In a paper published earlier this month, a team of AI researchers at Facebook have been looking closely at how AI agents ‘understand’ images and the extent to which they can be said to develop a shared conceptual language. Building on earlier research that indicates “(AI) agents are now developing conceptual symbol meanings,” the Facebook research team attempted to dive deeper and look closely at how AI agents develop representations of visual inputs.
What they found was intriguing - the conceptual ‘language’ that the AI agents seemed to share wasn’t in any way related to the input data, but instead what the researchers describe as a ‘shared conceptual pact’.
This research is significant as it opens the lid on how agents in deep learning systems, and opens up new possibilities for understanding how they work.
Researchers take their cue from current research into AI agents. This research runs visual ‘games’..“This… allows us to address the exciting issue of whether the needs of goal-directed communication will lead agents to associate visually-grounded conceptual representations to discrete symbols, developing natural language-like word meanings” reads the paper.
However, most of the existing studies present only the analysis of the agents’ symbol usage. Very little attention is given to the representation of the visual input developed by the agents during the interaction process. Researchers have made use of the referential games of Angeliki Lazaridou, a research scientist at Deepmind, where a pair of agents communicates about images using a fixed-size vocabulary.
“Unlike in those previous studies, which suggested that the agents developed a shared understanding of what the images represented, our researchers found that they extracted no concept-level information”, reads the research paper. The paired AI agents would arrive at an image-based decision depending only on the low-level feature similarities.
Researchers implemented Lazaridou’s, same-image game and the different image game. In the same image game, the Sender and Receiver are shown the same two images (that are always of different concepts). In the different-image game, the Receiver is shown different images than the Sender’s every time. The experiments were repeated using 100 random initialization seeds. Researchers first looked at how playing the game affects the way agents “see” the input data. This involves figuring out which of the image embeddings differ from the input image representations, and from each other.
Researchers then further predicted that as the training continues, Sender and Receiver representations become quite similar to each other, as well as the input ones. To finally compare the similarity structure of the input, Sender and the Receiver spaces, representational similarity analysis (RSA) from computational neuroscience is used by the researchers.

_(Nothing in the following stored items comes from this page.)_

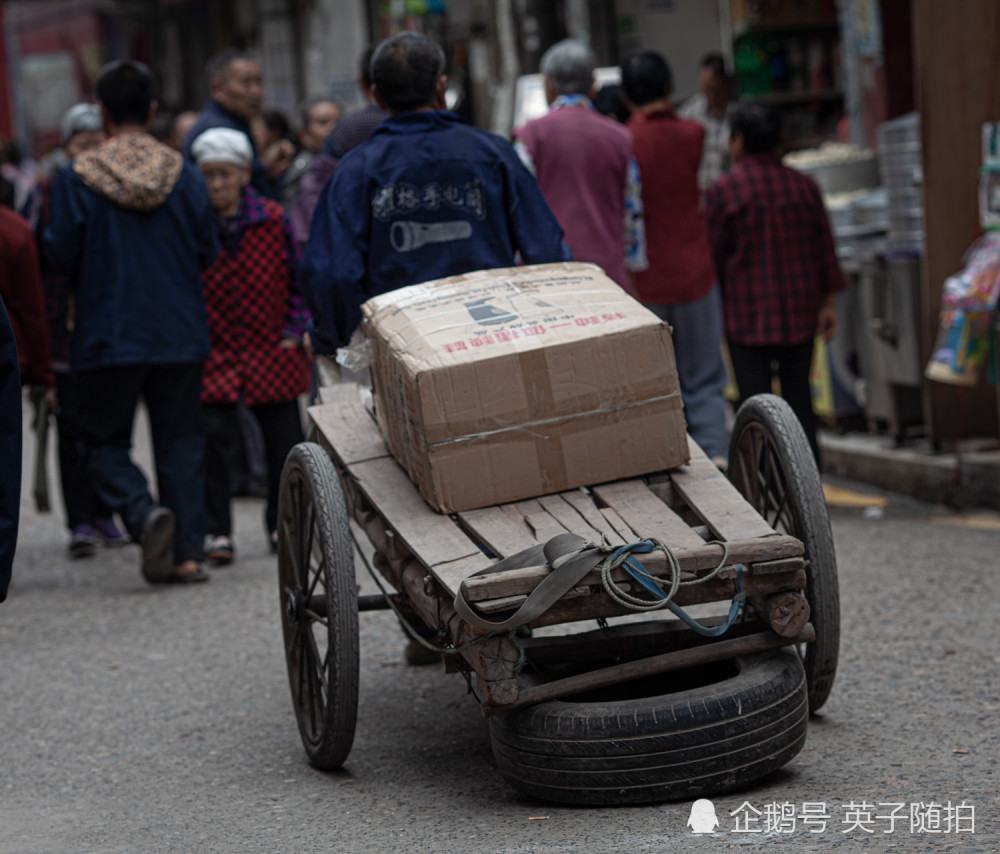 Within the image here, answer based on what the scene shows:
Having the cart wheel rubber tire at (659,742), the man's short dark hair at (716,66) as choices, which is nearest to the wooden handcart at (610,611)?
the cart wheel rubber tire at (659,742)

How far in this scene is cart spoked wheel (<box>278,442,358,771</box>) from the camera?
4109 mm

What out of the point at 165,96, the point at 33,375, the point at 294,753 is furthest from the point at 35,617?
the point at 165,96

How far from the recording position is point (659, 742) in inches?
144

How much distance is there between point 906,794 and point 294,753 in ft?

The paired agents in the game arrived at an ‘image-based consensus’ depending solely on low-level feature similarities, without determining, for instance, that pictures of a Boston terrier and a Chihuahua both represent dogs. In fact, the agents were able to reach this consensus despite being presented with similar patterns of visual noise, which included no recognizable objects. This confirmed the hypothesis that the Sender and Receiver are capable of communicating about the input data with no conceptual content at all.
This, in turn, suggests that no concept-level information (e.g., features that would allow to identify the instances of the dog or chair category) has been extracted by the agents during the training process.
For more information, check out the official research paper.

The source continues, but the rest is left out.